Shortage of teachers in IITs an outcome of government policy
It is commonly known that not many of those who graduated from IITs at UG level teach there. If the government gives the IITs a freer hand in giving its teachers higher salaries and better perks, some of those teaching abroad may returneditorials Updated: Dec 19, 2016 19:06 IST
The government’s statement in Parliament that more than 50% of teaching positions at the Indian Institutes of Technology (IIT) are lying vacant is, though frustrating, not very surprising. The problem is not just with the IITs but National Institutes of Technology (NIT) too. Time was when getting a teaching job in an IIT was a matter of greater prestige than getting admission in the premier institutes of engineering. The dismal situation now has many reasons. For a long time our IITs and IIMs had been able to resist having reservations in faculty, citing a government order that exempts scientific and technical institutions from following a reservation policy in hiring teachers. The IITs, however, eventually fell in line with the government. This had two consequences. One, competent people who might have come to IITs to teach now prefer to stay away, fearing politicisation and a decline in standards. Second, because of reservations being there, often there is dearth of people who meet the employment criteria and hence the situations in the reserved category lie vacant. And such problems are coming in the way of the government’s efforts at promoting the rankings of the IITs.
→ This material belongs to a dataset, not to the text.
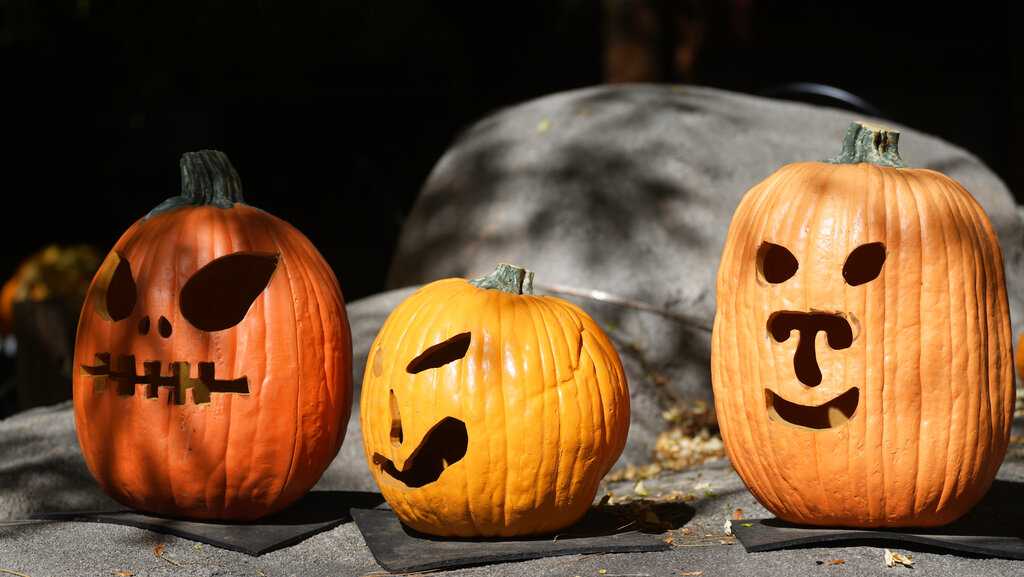 Pumpkins can be composted, donated to farms, fed to wildlife - Vimarsana News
When there were five or six IITs in the country, the problem did not reach this acute level. Now with the number of IITs going up to 23, infrastructural problems have also come alongside. Unlike IIT Delhi, many institutes do not have adequate teaching space or advanced laboratories. On top of that many of them cannot offer their teachers quarters to stay. That there would be difficulties in measuring all IITs on the same scale was recognised by experts about 10 years ago at least and hence they resisted giving all of them the ’IIT’ label. But the HRD minister of the day was adamant on this. Much of the problem we see today would not have been there had the whole matter been thoroughly thought through.
The university rankings by Times Higher Education (THE) magazine, on which no Indian institute finds place in the top 200, uses five parameters: Teaching, research, citation, international outlook and industry income. On the last two, there is little chance that our institutes can make much headway in the near future. But as regards the first three, a lot depends on faculty, in whose welfare and appointment the government plays a crucial role. It is commonly known that not many of those who graduated from IITs at UG level teach there. If the government gives the IITs a freer hand in giving its teachers higher salaries and better perks, some of those teaching abroad may return.